The museum’s executive director, Dawn LaRochelle, has her favorite. It’s a group picture of five gray-haired women, standing shoulder-to-shoulder, smiling to be in each other’s company. They are pillars of their families, radiating strength and pride. LaRochelle sees echoes of them in her own family and she’s sure anyone else would have the same reaction, Jewish or not.
“Everyone is blown away by it. It’s very relatable. It’s very raw,” said LaRochelle about the full exhibition. “Everybody sees pieces of their story in Paula’s story. It’s been a wonderful bridge-builder as well as a means for self-reflection on people’s own lives.”
About 15,000 Jewish people live in Maine. The museum keeps the community connected as both a center for culture and a repository of history. Its ample gallery spaces are reserved years in advance. And the building itself is a work of art with architecture dating back 100 years and loving restored after a fire in 2020.
Gerstenblatt ’s involvement with the museum didn’t end when she handed over her art for display. The museum invited her back on October 6 to elaborate on one of the exhibition’s major themes — the historical tensions between the Jewish and Black communities. Fellow artist Daniel Minter and Dr. Leroy Rowe, Chair of the USM Dept. of History, joined her for the panel discussion.
Gerstenblatt returned to the museum on October 13 to coach aspiring artists through the basics of her collage techniques. They each brought copies of photos that held special meaning for them. Gerstenblatt helped them arrange and enhance the photos to tell their personal stories.
Andrea Levinsky signed up for the workshop on the museum’s website. She graduated from USM in 2022 with a master’s degree in Teacher Leadership. Her collage included photos of her family and scenes of her stay at Seeds of a Peace, a summer camp that brings together young people from different backgrounds to help them better understand each other.
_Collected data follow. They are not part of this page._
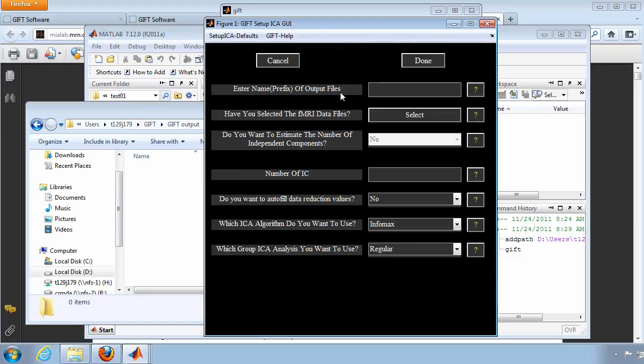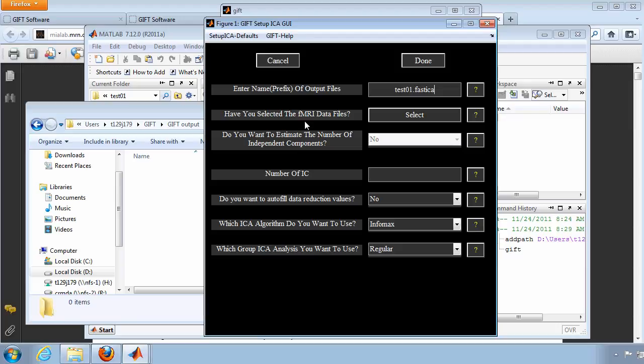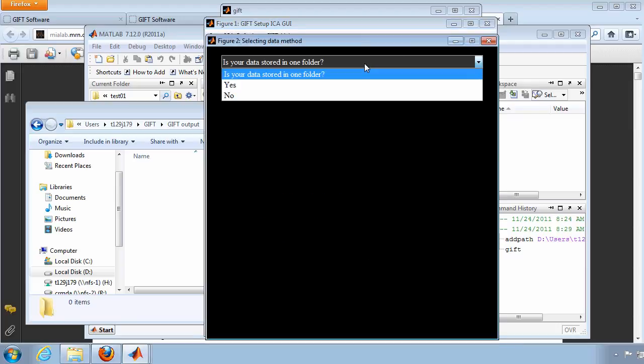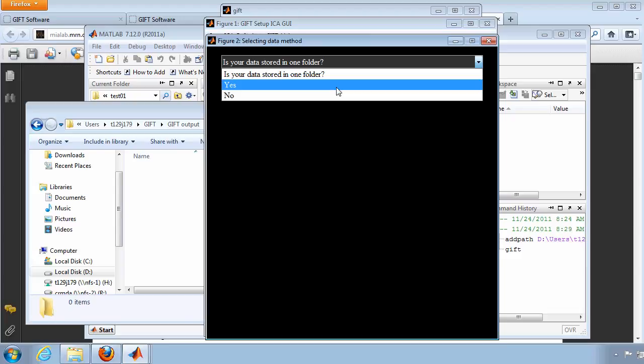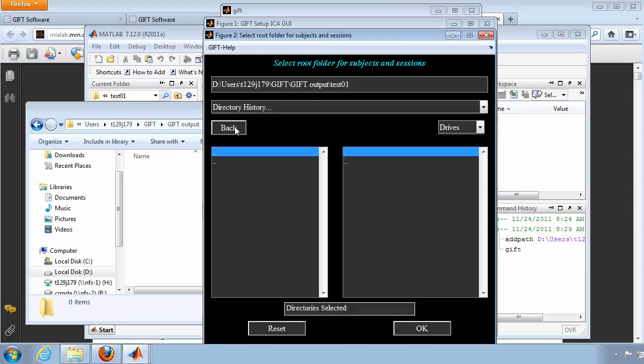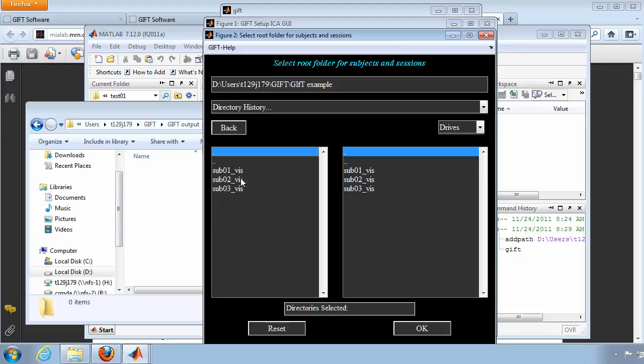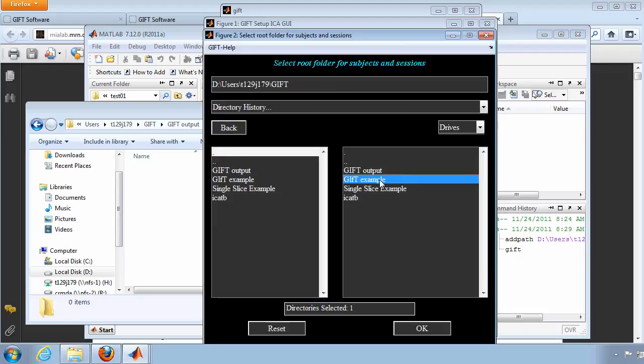I will use the same or similar naming convention for your output files as you do for your output folders. I will use the FastICA algorithm for the first example, so I will include that in the file name prefix. Then, click Select to tell GIFT where to find the FMRI data files. Locate the proper directory by clicking back and selecting the correct folder in the right-hand menu, just as you did before. When you find the folder with three subject subfolders, click back and then select that folder.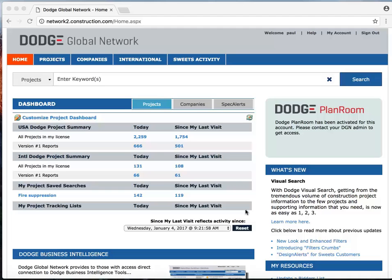Hey folks, it's Paul Donnelly from Dodge Data & Analytics. Today I'm going to show you how easy it is to find what you're looking for in Dodge.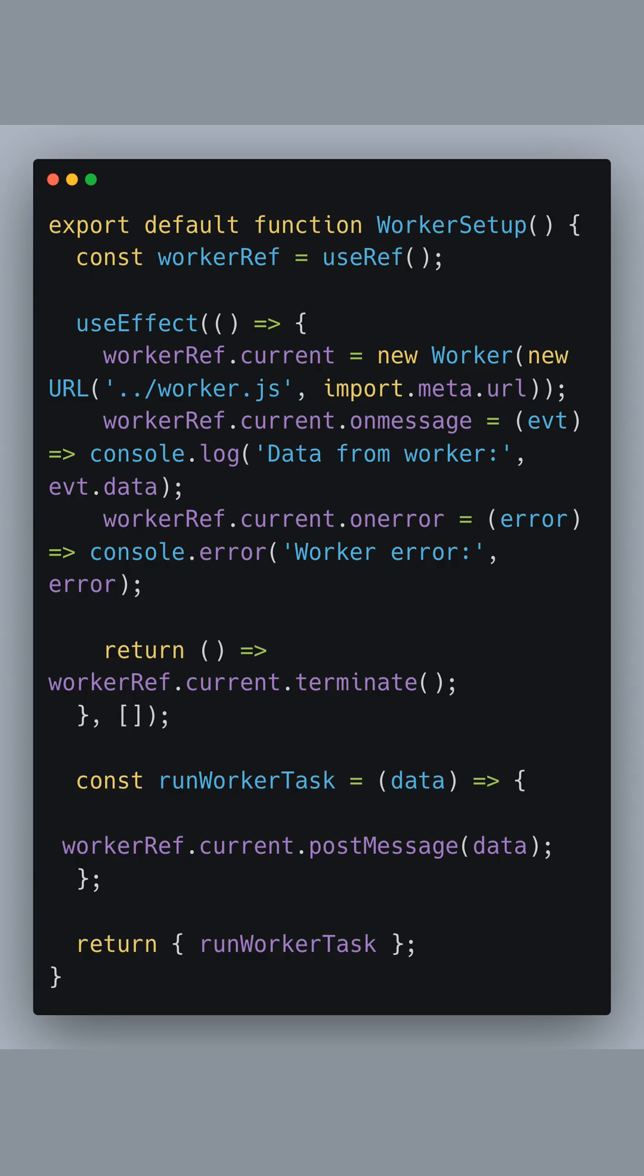Let's start with our WebWorker setup in a Next.js application. We create a function called WorkerSetup, using React's useRef hook to store a reference to our worker. We initialize the worker inside a useEffect hook so it runs when the component mounts. Our worker is created by pointing to the respective worker.js file using a URL constructor with import meta URL.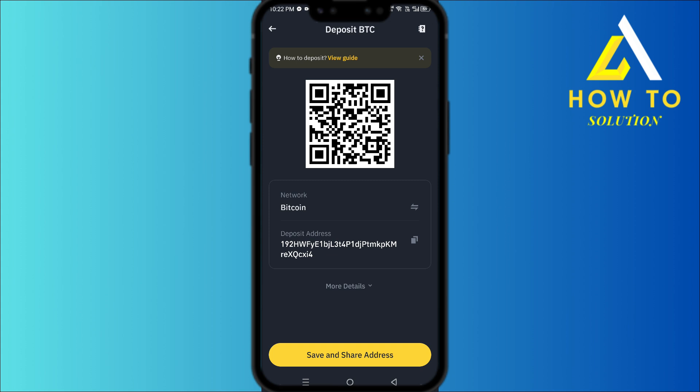Once that money is deposited into Binance, use that Bitcoin to convert into money, then withdraw that money to your bank account — and that's how you can do it. Thanks for watching, please leave a like and subscribe for more content like this, and I'll see you in the next one.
“I’m really interested in cross-cultural collaboration,” Levinsky said. “The (Generational Layers) series being about connecting the Black community and the Jewish community was really interesting to me.”
The lessons that Gerstenblatt taught during the workshop would be familiar to her students at USM. She often incorporates art, like collage and mapmaking, into her Social Work curriculum. Students are still required to write essays and analyze policy. Art-based learning takes those hard statistics and puts them into emotional context.
In creating Generational Layers, Gerstenblatt modeled the same vulnerability that she asks of her students. The memories she stirred up weren’t always easy to face, but the exhibition wouldn’t be so affecting if it wasn’t so honest. Even though Gerstenblatt did all of the work to bring it life, she gives her family a share of the credit.
“In a way, with this, it really feels like they came through for me,” Gerstenblatt said. The exhibition opened on September 2 and it will remain on display the Maine Jewish Museum until October 27.